EXERCISE:
Print the data below exactly, but only the lines from the one containing "Marrakech Breeze V-Neck Harem Jumpsuit" down to the one containing "Pikkukuva 6 /", inclusive.
BEGIN MATERIALS PROVIDED
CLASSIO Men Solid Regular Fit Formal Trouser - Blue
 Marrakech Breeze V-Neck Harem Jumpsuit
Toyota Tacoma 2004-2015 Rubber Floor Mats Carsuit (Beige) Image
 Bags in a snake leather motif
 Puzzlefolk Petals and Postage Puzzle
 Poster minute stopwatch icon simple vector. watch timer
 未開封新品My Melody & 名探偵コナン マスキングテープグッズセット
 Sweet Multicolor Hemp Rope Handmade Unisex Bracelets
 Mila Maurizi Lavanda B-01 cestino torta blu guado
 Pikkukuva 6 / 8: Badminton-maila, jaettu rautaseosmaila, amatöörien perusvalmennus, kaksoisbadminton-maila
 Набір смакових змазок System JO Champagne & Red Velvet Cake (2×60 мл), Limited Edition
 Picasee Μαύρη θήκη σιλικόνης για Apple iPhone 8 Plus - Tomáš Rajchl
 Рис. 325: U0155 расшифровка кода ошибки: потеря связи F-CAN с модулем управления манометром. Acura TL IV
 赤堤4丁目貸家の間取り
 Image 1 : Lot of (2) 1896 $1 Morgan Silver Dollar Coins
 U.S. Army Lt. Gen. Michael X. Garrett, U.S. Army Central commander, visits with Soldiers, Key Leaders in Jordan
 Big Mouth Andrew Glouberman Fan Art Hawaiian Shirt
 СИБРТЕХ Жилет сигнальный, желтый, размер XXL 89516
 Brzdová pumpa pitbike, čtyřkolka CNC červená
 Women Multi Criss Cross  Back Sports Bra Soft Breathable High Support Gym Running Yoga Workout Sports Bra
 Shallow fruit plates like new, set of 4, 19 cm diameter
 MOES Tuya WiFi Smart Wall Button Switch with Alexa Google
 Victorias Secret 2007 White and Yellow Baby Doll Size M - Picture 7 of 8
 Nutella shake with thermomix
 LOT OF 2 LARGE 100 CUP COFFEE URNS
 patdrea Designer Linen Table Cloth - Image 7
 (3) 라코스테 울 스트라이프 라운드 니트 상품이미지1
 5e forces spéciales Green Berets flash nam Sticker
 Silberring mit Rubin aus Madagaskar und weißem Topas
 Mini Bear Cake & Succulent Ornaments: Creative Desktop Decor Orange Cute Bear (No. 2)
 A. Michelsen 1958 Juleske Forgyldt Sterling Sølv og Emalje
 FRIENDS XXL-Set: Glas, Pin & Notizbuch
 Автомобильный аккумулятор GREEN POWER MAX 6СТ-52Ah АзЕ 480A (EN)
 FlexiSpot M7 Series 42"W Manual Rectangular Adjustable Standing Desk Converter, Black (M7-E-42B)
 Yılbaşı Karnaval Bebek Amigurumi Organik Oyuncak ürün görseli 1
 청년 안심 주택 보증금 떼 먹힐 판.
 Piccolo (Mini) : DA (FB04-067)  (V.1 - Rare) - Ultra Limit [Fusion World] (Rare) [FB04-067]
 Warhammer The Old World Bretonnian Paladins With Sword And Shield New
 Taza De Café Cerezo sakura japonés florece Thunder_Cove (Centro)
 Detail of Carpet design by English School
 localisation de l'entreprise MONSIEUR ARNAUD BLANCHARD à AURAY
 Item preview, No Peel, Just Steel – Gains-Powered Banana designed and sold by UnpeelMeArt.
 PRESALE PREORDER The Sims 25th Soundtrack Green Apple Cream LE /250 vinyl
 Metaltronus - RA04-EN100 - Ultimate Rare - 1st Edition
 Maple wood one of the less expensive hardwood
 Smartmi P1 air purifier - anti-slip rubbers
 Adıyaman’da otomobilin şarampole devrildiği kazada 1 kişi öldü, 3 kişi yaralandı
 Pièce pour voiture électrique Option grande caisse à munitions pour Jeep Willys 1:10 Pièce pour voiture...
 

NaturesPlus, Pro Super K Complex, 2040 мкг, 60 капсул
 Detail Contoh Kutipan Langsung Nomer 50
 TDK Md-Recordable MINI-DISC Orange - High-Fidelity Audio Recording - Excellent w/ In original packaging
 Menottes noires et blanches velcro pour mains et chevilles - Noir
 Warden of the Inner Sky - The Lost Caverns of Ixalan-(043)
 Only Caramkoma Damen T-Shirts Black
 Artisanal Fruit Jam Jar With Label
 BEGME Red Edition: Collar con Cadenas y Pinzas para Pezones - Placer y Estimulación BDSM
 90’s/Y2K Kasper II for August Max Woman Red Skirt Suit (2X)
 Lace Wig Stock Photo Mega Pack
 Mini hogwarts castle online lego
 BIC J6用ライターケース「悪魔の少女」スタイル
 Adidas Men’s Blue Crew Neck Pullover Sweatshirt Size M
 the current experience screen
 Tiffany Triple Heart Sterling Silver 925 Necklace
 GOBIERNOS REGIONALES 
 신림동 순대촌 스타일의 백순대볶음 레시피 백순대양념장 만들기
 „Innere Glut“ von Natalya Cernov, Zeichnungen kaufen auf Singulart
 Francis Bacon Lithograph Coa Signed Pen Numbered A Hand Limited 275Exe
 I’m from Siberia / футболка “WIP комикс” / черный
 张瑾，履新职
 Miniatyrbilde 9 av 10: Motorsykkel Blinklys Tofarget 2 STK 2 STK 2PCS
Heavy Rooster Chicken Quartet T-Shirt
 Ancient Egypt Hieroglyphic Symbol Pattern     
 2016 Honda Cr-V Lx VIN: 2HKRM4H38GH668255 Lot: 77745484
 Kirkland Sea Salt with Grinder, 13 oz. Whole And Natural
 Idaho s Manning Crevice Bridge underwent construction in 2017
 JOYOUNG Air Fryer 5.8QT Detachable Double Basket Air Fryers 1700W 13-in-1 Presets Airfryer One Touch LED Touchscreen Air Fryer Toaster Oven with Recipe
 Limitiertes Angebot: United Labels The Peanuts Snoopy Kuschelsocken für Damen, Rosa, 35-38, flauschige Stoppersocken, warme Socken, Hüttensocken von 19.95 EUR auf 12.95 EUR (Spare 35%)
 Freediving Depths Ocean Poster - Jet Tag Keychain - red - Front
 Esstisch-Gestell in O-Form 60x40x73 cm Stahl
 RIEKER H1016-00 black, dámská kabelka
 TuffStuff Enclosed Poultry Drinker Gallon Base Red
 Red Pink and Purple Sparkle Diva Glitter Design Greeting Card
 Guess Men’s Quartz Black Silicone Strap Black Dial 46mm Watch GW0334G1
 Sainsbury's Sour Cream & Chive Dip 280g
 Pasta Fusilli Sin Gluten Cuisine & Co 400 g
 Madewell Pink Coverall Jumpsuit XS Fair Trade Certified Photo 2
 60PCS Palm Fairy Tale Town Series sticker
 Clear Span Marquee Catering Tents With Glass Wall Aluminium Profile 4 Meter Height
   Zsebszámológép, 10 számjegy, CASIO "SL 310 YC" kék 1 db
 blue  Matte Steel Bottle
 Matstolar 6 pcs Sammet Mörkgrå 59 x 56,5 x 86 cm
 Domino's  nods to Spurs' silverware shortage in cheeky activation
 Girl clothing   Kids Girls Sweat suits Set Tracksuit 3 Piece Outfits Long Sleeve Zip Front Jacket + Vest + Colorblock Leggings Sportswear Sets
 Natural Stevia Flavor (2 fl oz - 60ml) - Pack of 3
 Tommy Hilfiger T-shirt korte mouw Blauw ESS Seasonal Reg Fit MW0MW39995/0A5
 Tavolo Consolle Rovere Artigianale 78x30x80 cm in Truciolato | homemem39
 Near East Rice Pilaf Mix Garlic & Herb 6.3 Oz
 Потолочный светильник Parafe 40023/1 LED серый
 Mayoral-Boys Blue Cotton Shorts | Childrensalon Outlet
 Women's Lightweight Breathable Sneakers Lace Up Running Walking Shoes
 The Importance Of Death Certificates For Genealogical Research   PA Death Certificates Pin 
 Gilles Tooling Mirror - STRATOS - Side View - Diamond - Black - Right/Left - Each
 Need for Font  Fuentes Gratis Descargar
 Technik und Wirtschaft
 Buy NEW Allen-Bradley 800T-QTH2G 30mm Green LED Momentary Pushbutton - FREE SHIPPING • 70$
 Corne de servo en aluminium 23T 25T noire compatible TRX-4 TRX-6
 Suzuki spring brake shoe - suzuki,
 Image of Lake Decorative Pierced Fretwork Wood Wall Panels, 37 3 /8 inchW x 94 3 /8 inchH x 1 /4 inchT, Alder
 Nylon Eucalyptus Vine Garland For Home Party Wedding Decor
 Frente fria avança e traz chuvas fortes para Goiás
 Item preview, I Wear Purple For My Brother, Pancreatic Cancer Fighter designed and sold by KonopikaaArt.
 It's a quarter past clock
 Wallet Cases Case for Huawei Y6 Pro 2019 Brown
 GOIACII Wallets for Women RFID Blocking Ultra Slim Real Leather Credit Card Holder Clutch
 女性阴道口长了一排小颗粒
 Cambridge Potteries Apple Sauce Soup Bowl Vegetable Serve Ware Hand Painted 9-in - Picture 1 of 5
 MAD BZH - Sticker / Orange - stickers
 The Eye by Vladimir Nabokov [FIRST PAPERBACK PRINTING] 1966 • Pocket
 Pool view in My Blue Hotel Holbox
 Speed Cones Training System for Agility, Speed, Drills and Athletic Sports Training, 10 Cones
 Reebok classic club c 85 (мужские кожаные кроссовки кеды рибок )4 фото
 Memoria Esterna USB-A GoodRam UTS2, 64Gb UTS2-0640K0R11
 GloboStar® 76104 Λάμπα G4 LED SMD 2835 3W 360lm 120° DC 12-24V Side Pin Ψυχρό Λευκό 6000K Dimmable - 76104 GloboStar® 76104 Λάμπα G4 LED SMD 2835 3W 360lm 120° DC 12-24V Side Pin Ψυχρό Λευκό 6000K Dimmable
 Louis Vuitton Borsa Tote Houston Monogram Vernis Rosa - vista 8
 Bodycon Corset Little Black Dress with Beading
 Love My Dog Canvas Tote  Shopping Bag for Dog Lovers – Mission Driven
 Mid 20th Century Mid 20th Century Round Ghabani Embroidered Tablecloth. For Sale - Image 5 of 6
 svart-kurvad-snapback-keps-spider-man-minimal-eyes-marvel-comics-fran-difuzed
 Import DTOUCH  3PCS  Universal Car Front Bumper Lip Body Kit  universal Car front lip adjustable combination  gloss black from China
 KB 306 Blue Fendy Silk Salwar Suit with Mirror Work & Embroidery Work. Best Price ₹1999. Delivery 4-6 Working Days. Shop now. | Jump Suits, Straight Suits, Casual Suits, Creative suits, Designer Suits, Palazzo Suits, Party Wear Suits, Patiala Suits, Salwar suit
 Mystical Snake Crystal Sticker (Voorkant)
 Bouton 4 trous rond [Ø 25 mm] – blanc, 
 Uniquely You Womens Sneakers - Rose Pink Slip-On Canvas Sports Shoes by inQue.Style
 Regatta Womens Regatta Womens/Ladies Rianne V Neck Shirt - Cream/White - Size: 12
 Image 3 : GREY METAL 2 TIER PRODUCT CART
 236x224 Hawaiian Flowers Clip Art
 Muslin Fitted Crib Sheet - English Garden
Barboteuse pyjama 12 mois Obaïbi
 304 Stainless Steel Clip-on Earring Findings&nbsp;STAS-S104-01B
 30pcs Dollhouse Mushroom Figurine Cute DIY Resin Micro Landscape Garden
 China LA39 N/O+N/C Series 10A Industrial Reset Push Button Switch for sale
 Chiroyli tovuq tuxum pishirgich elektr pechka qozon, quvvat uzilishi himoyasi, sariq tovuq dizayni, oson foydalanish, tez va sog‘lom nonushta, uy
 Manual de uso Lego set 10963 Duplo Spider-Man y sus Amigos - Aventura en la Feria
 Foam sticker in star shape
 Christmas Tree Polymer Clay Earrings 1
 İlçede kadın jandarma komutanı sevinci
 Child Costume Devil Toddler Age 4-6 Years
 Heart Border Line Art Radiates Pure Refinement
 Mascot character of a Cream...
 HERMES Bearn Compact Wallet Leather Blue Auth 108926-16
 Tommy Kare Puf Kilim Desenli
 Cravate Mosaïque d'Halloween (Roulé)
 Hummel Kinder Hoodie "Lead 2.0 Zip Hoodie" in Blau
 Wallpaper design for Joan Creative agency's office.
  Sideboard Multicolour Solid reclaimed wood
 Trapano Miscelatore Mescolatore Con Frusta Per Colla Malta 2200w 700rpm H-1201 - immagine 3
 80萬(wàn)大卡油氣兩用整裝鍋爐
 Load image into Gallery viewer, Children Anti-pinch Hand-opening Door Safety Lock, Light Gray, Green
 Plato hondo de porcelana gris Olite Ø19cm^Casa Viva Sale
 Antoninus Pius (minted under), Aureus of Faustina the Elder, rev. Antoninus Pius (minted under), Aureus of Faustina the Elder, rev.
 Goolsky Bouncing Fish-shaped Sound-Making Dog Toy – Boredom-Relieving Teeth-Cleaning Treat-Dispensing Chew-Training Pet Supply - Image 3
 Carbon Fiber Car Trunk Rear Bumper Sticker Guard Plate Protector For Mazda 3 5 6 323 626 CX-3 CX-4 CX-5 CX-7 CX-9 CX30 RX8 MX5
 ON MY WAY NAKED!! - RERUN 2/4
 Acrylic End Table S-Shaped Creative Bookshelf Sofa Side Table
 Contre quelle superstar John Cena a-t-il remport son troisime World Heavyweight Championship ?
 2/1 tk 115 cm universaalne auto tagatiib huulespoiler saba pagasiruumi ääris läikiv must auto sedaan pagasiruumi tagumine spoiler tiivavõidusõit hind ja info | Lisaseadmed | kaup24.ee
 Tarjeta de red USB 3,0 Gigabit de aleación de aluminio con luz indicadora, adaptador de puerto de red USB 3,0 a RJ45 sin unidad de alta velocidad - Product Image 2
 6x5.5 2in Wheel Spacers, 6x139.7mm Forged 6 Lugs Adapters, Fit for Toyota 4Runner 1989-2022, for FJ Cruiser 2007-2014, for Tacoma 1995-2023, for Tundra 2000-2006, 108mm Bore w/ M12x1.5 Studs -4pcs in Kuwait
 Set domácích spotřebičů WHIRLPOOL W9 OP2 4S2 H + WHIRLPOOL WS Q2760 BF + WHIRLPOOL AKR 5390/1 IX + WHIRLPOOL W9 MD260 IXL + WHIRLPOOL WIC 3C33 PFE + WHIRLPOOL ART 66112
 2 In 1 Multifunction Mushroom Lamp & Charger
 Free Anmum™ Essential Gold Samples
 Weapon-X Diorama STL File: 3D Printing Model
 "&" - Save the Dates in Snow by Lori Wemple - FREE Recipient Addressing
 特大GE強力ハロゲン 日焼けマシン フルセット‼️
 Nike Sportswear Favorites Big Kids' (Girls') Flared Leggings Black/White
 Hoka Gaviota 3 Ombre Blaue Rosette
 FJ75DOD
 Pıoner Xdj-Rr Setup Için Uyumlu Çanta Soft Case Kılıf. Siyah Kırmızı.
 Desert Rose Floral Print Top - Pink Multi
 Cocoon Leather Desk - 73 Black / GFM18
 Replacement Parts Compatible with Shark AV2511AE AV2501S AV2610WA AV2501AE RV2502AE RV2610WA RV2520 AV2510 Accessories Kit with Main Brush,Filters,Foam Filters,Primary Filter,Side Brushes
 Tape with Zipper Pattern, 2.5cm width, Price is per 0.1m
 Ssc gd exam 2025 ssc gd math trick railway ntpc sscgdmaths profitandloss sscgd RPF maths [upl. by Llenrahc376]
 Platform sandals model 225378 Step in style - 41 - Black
END MATERIALS PROVIDED
YOUR SOLUTION:
 Marrakech Breeze V-Neck Harem Jumpsuit
Toyota Tacoma 2004-2015 Rubber Floor Mats Carsuit (Beige) Image
 Bags in a snake leather motif
 Puzzlefolk Petals and Postage Puzzle
 Poster minute stopwatch icon simple vector. watch timer
 未開封新品My Melody & 名探偵コナン マスキングテープグッズセット
 Sweet Multicolor Hemp Rope Handmade Unisex Bracelets
 Mila Maurizi Lavanda B-01 cestino torta blu guado
 Pikkukuva 6 / 8: Badminton-maila, jaettu rautaseosmaila, amatöörien perusvalmennus, kaksoisbadminton-maila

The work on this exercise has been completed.